Reproduce the entries verbatim; no pictures.

━━ RECORDS FOR THIS TASK

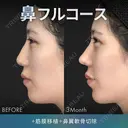 鼻フルコース（鼻複合自家組織移植術）＋筋膜移植 before画像 サムネイル用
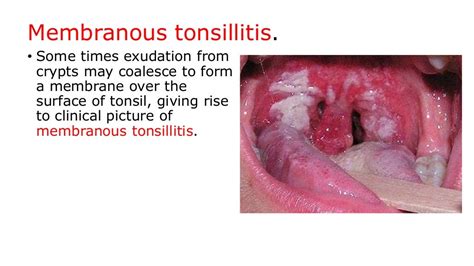 Tonsillitis, quinsy and adenoiditis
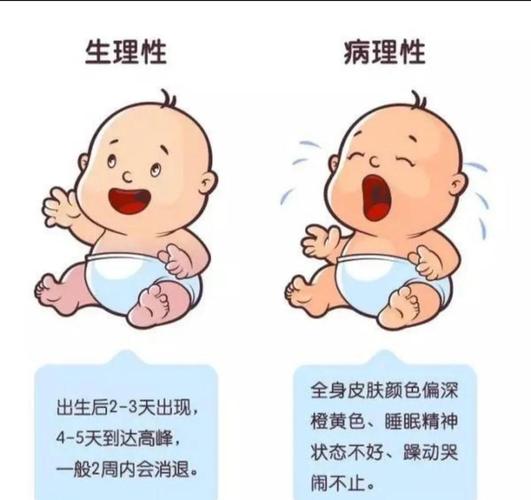 孕期哪些因素会影响宝宝出生后黄疸的出现？-第3张图片-郑州医学网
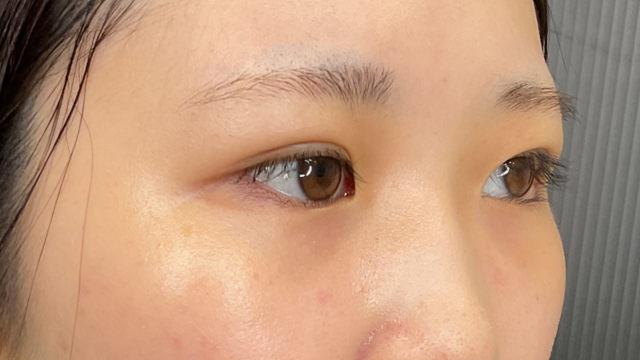 Postoperative Condition Part 1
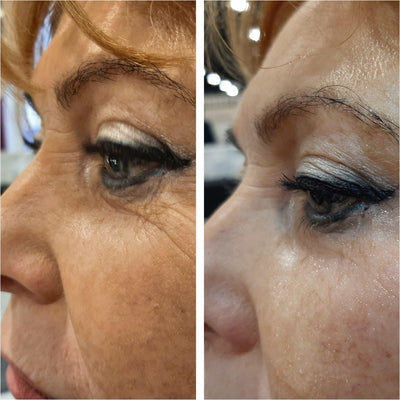 BIOTOC REGEN Serum - 5-Pack of 10ml (each) - Dermafirm USA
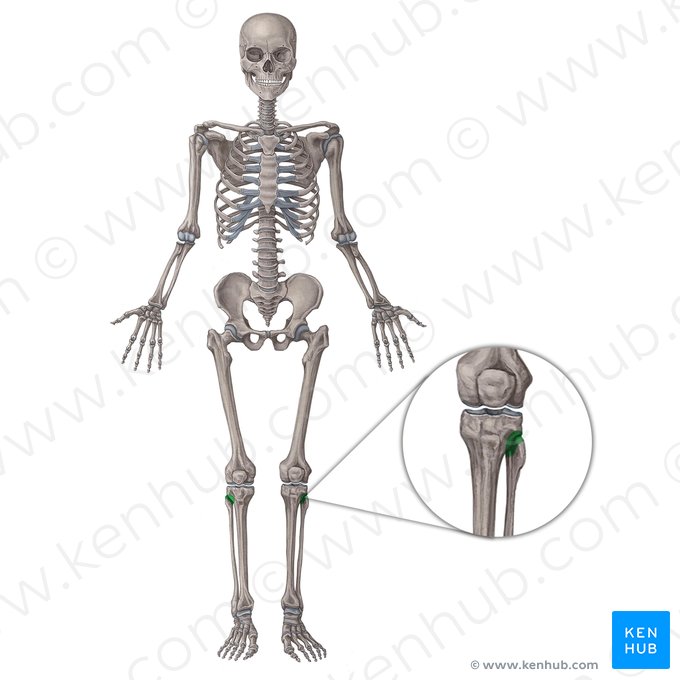 Superior tibiofibular joint (Articulatio tibiofibularis superior); Image: Irina Münstermann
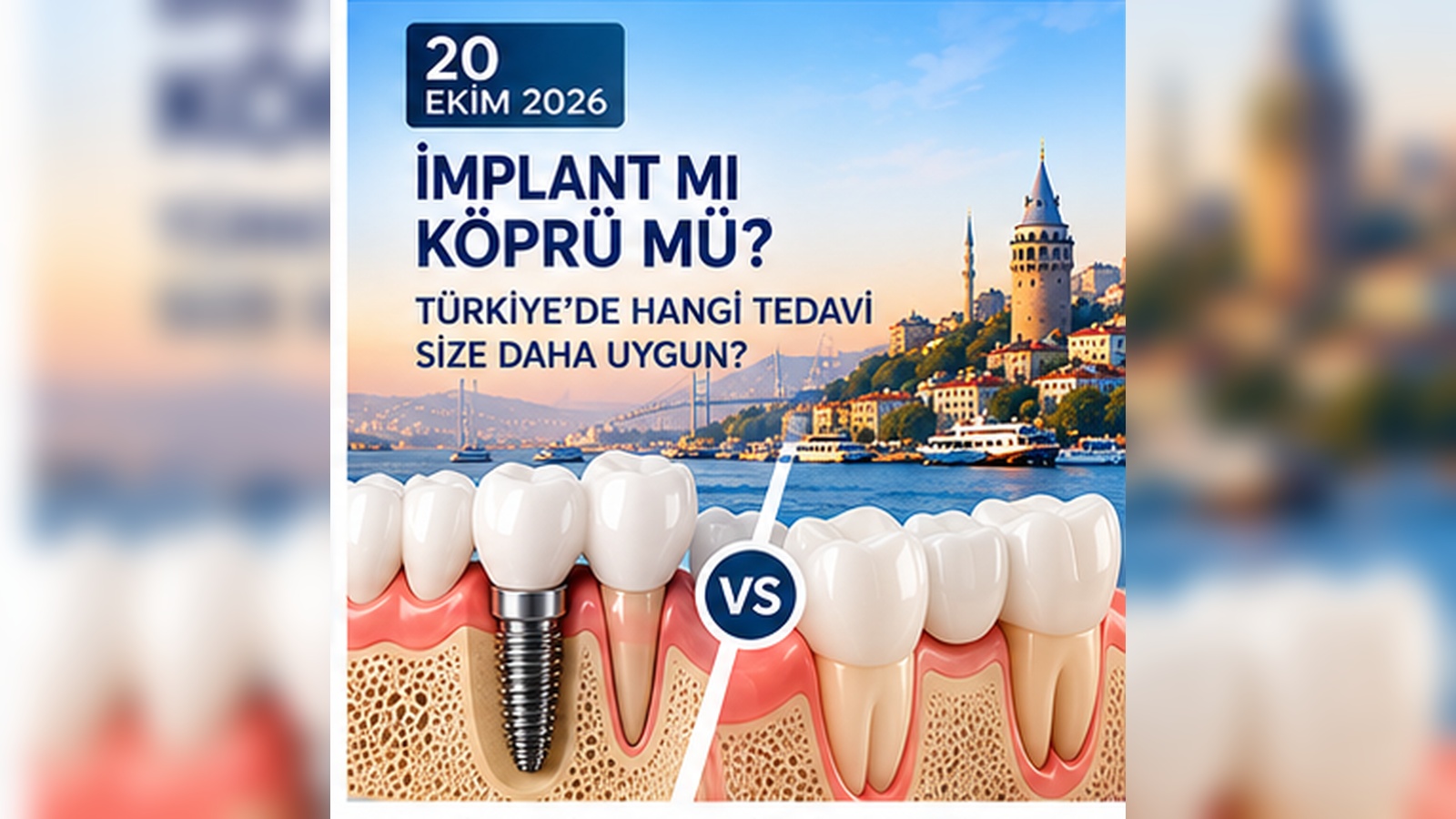 İmplant mı Köprü mü? Eksik Dişte Hangi Tedavi Size Daha Uygun?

━━━━

> **FINISHED TASK**
 鼻フルコース（鼻複合自家組織移植術）＋筋膜移植 before画像 サムネイル用
 Tonsillitis, quinsy and adenoiditis
 孕期哪些因素会影响宝宝出生后黄疸的出现？-第3张图片-郑州医学网
 Postoperative Condition Part 1
 BIOTOC REGEN Serum - 5-Pack of 10ml (each) - Dermafirm USA
 Superior tibiofibular joint (Articulatio tibiofibularis superior); Image: Irina Münstermann
 İmplant mı Köprü mü? Eksik Dişte Hangi Tedavi Size Daha Uygun?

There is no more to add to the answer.